An eight-year quest to find the cause of a disease has apparently ended now that scientists at UW–Madison have identified the mutations that produce a form of myelofibrosis, a rare genetic blood disorder.
Mutations in a protein that controls the production of blood platelets appear to be the source of a genetically inherited form of macrothrombocytopenia with focal myelofibrosis, according to Inga Hofmann, MD, assistant professor of pediatrics, medical director for the UW Program for Advanced Cell Therapy, and lead author on the paper.
The results were recently featured as the September cover article in the journal Blood.
Hofmann and her team showed that the protein, G6b-B, which also regulates the production and function of megakaryocyte – a large bone marrow cell – can be manipulated to increase production of blood platelets, suggesting a potentially new treatment approach, Hofmann said.
“This is the first cause ever identified,” she said.
Hofmann had been looking for this cause since 2010, when she was introduced to three Middle Eastern families referred to her for a second opinion involving their children’s cases of myelofibrosis.
Myelofibrosis is a serious bone-marrow disorder that disrupts the body’s production of red blood cells, and in children it is typically caused by a type of blood cancer called megakaryoblastic leukemia. But, the cause of myelofibrosis when that condition isn’t present, and the source is genetic, hasn’t been discovered until now, Hofmann said.
Only about 50 cases of this disease have ever been reported.
The disease, regardless of origin, can lead to bone marrow scarring and severe anemia, weakness and an enlarged spleen. The only known treatment is a hematopoietic stem cell transplant.
At the time Hofmann met the first family, she was a pediatric hematology specialist at Boston Children’s Hospital. At first, the cause was elusive because though she understood to target her research on the blood-producing aspects of the genetic puzzle, it was like looking for a needle in a haystack.
“It wasn’t until the other two families came around that we found it,” she said. “[G6b-B] was basically the only gene (protein) that came through all three.”

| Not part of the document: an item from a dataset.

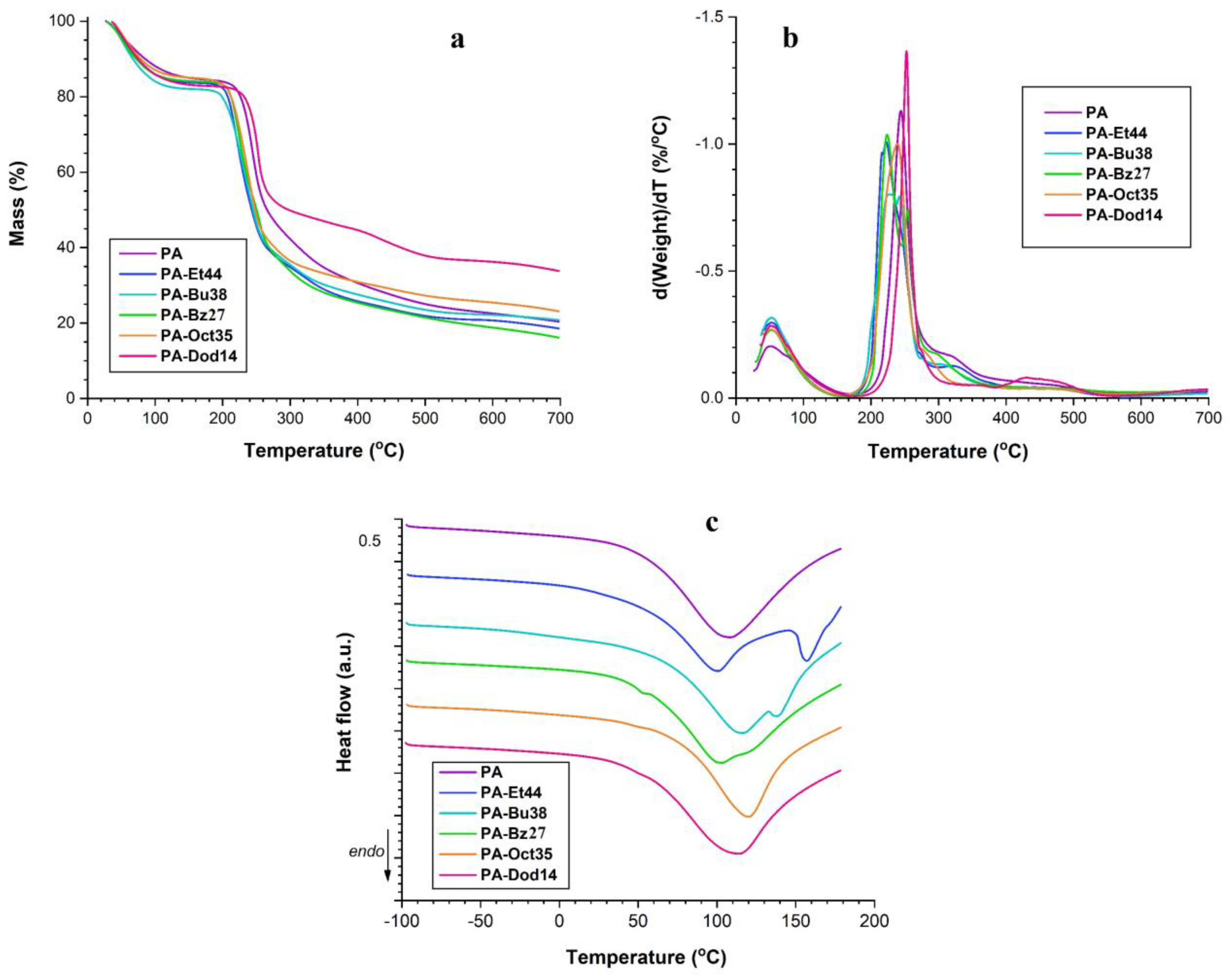Polymers 16 03352 g006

Then, in 2017 her eventual collaborator on this research, Yotis Senis, professor of hemostasis at the University of Birmingham in England, and a well-known researcher in the platelet field and expert in G6b-B, presented a fourth family, also from the Middle East, to Hofmann with the same phenotype and same genetic mutation in G6b-B.
Once they understood the common thread, Hofmann and Senis set about trying to understand how G6b-B works in the marrow and ways to treat these children.

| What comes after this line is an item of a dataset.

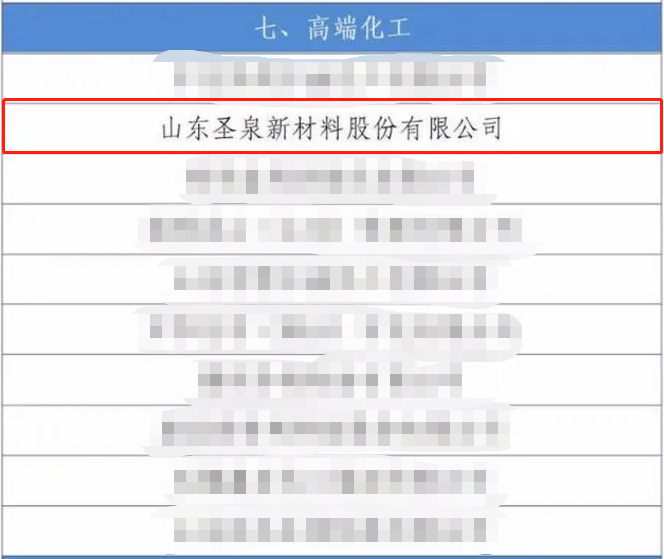 圣泉集團入選山東省高質(zhì)量發(fā)展獎勵企業(yè)名單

They discovered that loss of the G6b-B protein leads to abnormal megakaryocytes, marrow scarring and low platelet counts.
“If we could manipulate the pathway involving the G6b-B protein in myelofibrosis patients, we might be able to restore normal platelet producing cells in the bone marrow cells and stimulate the production of normal blood cells” Hofmann said.
Understanding the relationship between megakaryocyte and the G6b-B protein is a significant advancement in the entire field of myelofibrosis, which also impacts adults. “This is a real paradigm-shifting idea,” Hofmann said.
“These types of diseases give us a better understanding of the bigger picture, not just in children,” she said.